Trial findings were recently discussed in a presentation, titled “Overall survival at 4 years of follow-up in a phase 3 trial of nivolumab plus ipilimumab combination therapy in advanced melanoma (CheckMate 067),” during the European Society for Medical Oncology 2018 Congress in Munich. They were also published in The Lancet Oncology journal.

This four-year update of the CheckMate 067 trial (NCT01844505) represents the longest follow-up of a Phase 3 study evaluating a combination of checkpoint inhibitor therapies.

The trial enrolled 945 adults with advanced or metastatic melanoma who had never received treatment and were ineligible for surgery. Participants were randomly assigned Opdivo, Yervoy, or a combination of the two.

Primary objectives were survival without disease progression and overall survival.
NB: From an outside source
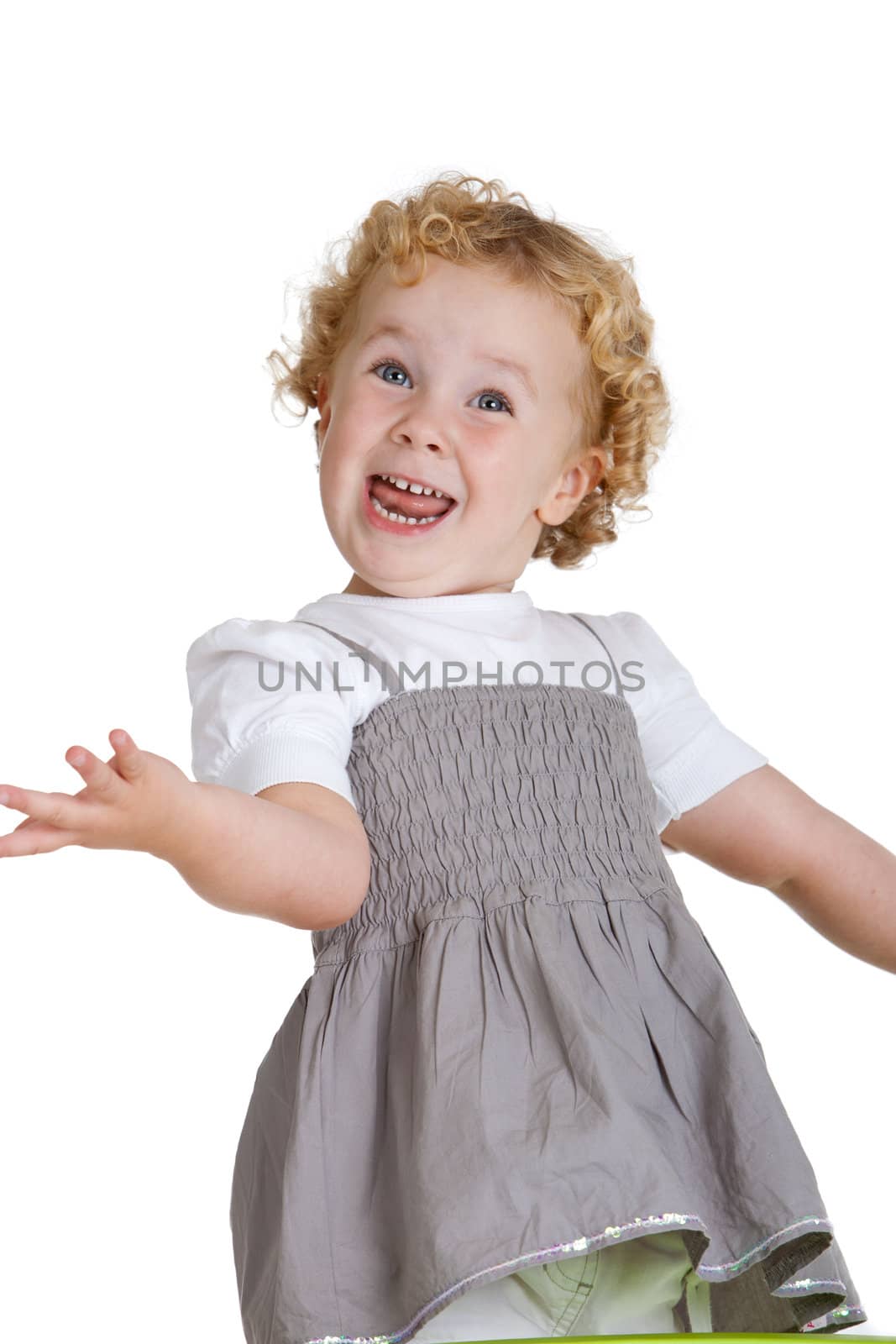 Cute little three year old girl playing the clown and having fun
Secondary goals included safety, objective response rate, survival and progression-free survival based on PD-L1 levels — a biomarker or response to PD-1/PD-L1 inhibitors like Opdivo.

Previous results from CheckMate 067 showed that the combination was significantly better than any of the medicines alone at extending the time patients lived without disease progression, and increasing survival times. More patients also responded to the combination.

These results led the European Medicines Agency to approve the combination in 2016 for advanced melanoma patients, which was the first approval of a combination of two immuno-oncology agents.

Now researchers report that the Opdivo-Yervoy combination also reduced the risk of death in the long term, with more than half of the patients (53%) living past the four-year mark, compared with 46% for Opdivo and 30% for Yervoy alone.

More patients responded to the combination (58%) than to Opdivo (45%) or Yervoy (19%) alone, consistent with the prior three-year analysis. However, complete responses kept increasing over the years, with 21% of patients on the combination experiencing complete tumor clearance, versus 18% for Opdivo and 5% for Yervoy.

The combination was also significantly better at extending the time patients lived without requiring another therapy. While 71% of those who had taken the combination remained alive without needing an additional therapy after four years, only 50% of those on Opdivo and 39% of patients on Yervoy did.

“These four-year results from CheckMate -067, which represent the longest follow-up to date for patients receiving combination therapy with nivolumab and ipilimumab, enhance our understanding of the potential long-term survival benefits of combination therapy … to combat this aggressive form of melanoma,” trial investigator F. Stephen Hodi, MD, said in a press release.

“To the best of our knowledge, we have not seen a 53% overall survival rate with any available treatment at four years of follow-up in a randomized setting,” said Hodi, who is the director of the Melanoma Center at Dana-Farber Cancer Institute and an investigator at the Ludwig Center at Harvard Medical School.

Adverse events occurred in 96% of patients treated with the combination, and in 86% of those treated with either medicine alone. The most common adverse events were diarrhea, colon inflammation, and high levels of lipase — a liver enzyme. This data remained unchanged from previous reports.

“These latest results from CheckMate -067 provide further support of the long-term scientific rationale for combining Opdivo and Yervoy for the treatment of advanced melanoma,” said Arvin Yang, MD, PhD, development lead, melanoma, and genitourinary cancers, Bristol-Myers Squibb. “This study advances our mission of understanding how we can best harness the body’s immune system to fight this aggressive form of cancer and provide healthcare professionals and patients with a durable and safe treatment option.”